##### Data to use #####
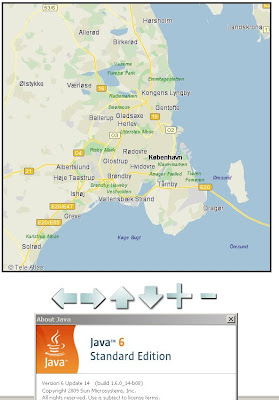 The Ericsson Web Maps API (Labs) uses Java for the mapping (javascript-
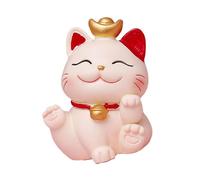 Gatto di Benvenuto, Mini Gatto Sventolante Cinese Maneki Neko Fortuna Gatto Fortunato Giapponese Gatto Fortunato Simpatico Gatto Arredamento Buona Fortuna Ricchezza Gatti(01)
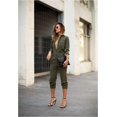 thumbnail image 2 of SAYOO Mujer Mono Ropa Manga Larga Camisa Cuello Moda Mono Largo SAYOO S-XL, 2 of 8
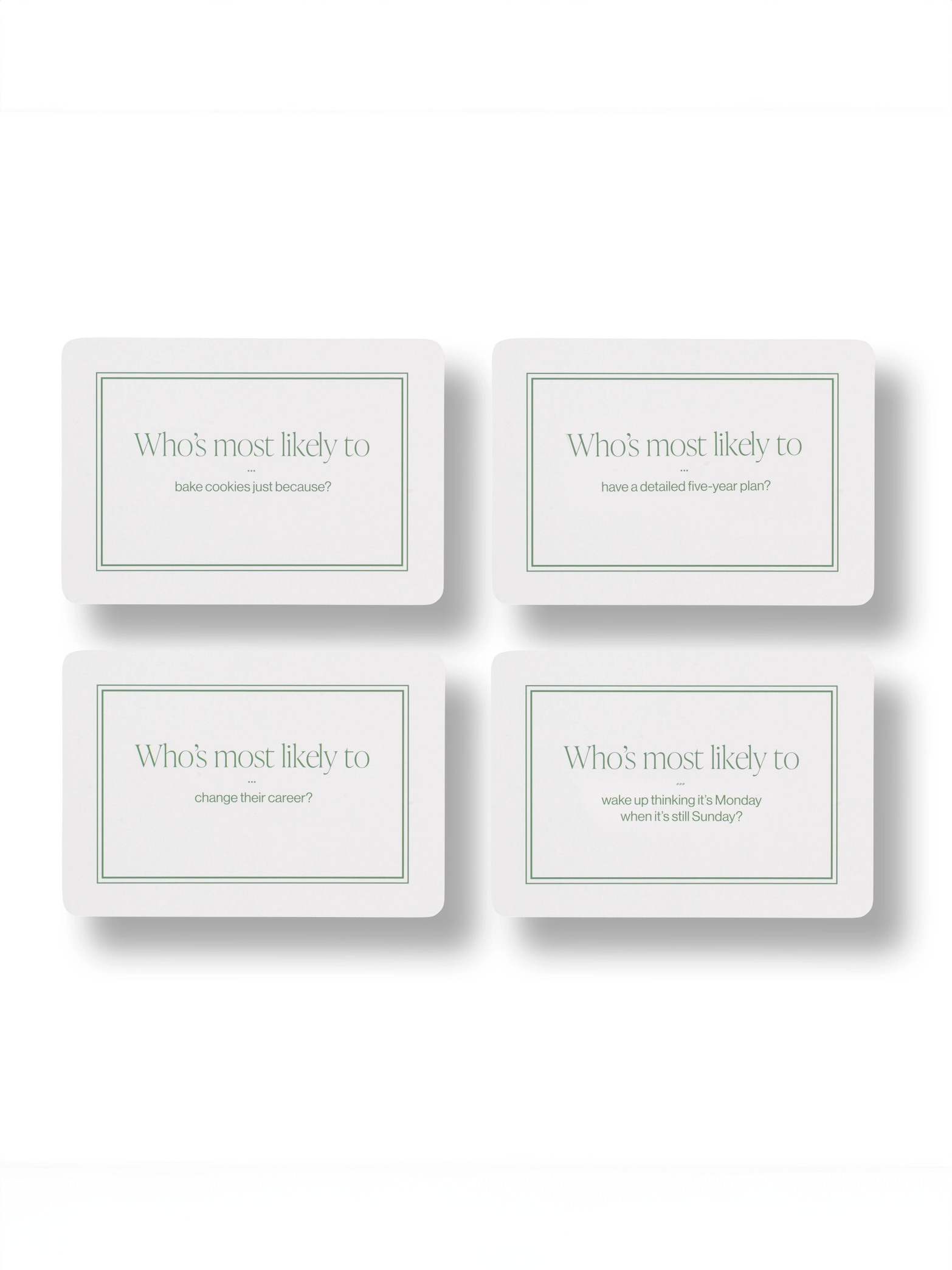 Supper Stories Dinner Party Playing Cards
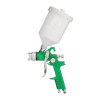HVLP pneumatic spray gun, nozzle 2.0 mm, upper plastic tank 600 ml, 3 bar Intertool PT-0120
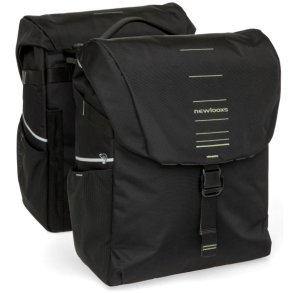 Dobbelt cykeltaske New Looxs Vigo MIK 2.0 - 40 liter - 30 x 19 x 40 cm (2x) - sort-gr�n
#####
Output the span from the line with "Supper Stories Dinner Party Playing Cards" through the last line of the data, inclusive and exact, and omit every picture.

 Supper Stories Dinner Party Playing Cards
HVLP pneumatic spray gun, nozzle 2.0 mm, upper plastic tank 600 ml, 3 bar Intertool PT-0120
 Dobbelt cykeltaske New Looxs Vigo MIK 2.0 - 40 liter - 30 x 19 x 40 cm (2x) - sort-gr�n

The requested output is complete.